BVergG 2018 §12 Abs1 Z4
BVergG 2018 §141 Abs1
BVergG 2018 §2 Z5
BVergG 2018 §327
BVergG 2018 §328 Abs1
BVergG 2018 §333
BVergG 2018 §334
BVergG 2018 §342 Abs1
BVergG 2018 §344 Abs1
BVergG 2018 §350 Abs1
BVergG 2018 §350 Abs2
BVergG 2018 §351 Abs1
BVergG 2018 §351 Abs3
BVergG 2018 §351 Abs4
BVergG 2018 §4 Abs1 Z2
BVergG 2018 §5
BVergG 2018 §78 Abs1 Z9
B-VG Art133 Abs4
VwGVG §28 Abs1
VwGVG §31 Abs1

Spruch

W120 2232000-1/2E

BESCHLUSS

Das Bundesverwaltungsgericht fasst durch den Richter Dr. Christian Eisner über die Anträge vom 16.06.2020 der Bietergemeinschaft bestehend aus der XXXX und der XXXX , vertreten durch Harrer Schneider Rechtsanwälte GmbH in 1010 Wien, auf Erlassung einer einstweiligen Verfügung betreffend das Vergabeverfahren „Bodenmarkierungen ab 2020, österreichweit – in 9 Losen“ zu den Losen 4 und 8 der Auftraggeberin XXXX Wien den Beschluss:

A)

Den Anträgen, der Auftraggeberin „für die Dauer des Nachprüfungsverfahrens bis zur rechtskräftigen Entscheidung des BVwG [zu] untersag[en], im Vergabeverfahren ‚Bodenmarkierungen ab 2020 österreichweit – in 9 Losen‘ in den Losen 4 und 8 die Rahmenvereinbarung abzuschließen“, wird Folge gegeben.

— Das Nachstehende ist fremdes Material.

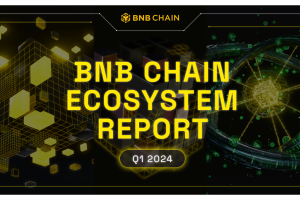 BNB Chain Ecosystem Report – Q1 2024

Der Auftraggeberin wird für die Dauer des gegenständlichen Nachprüfungsverfahrens untersagt, im vorliegenden Vergabeverfahren die Rahmenvereinbarungen abzuschließen.

B)

Die ordentliche Revision ist nicht zulässig.


Text


BEGRÜNDUNG:

I. Verfahrensgang:

1.       Mit Schriftsatz vom 16.06.2020 beantragte die Antragstellerin die Erlassung einer einstweiligen Verfügung dahingehend, dass der Auftraggeberin für die Dauer des Nachprüfungsverfahrens der Abschluss der Rahmenvereinbarungen untersagt werde. Zudem stellte die Antragstellerin Anträge auf Nichtigerklärung der Entscheidung, mit welchem Unternehmer die Rahmenvereinbarung abgeschlossen werden soll („Zuschlagsentscheidung“) jeweils betreffend Los 4 und Los 8 vom 08.06.2020, auf Durchführung einer mündlichen Verhandlung sowie auf Ersatz der entrichteten Pauschalgebühren.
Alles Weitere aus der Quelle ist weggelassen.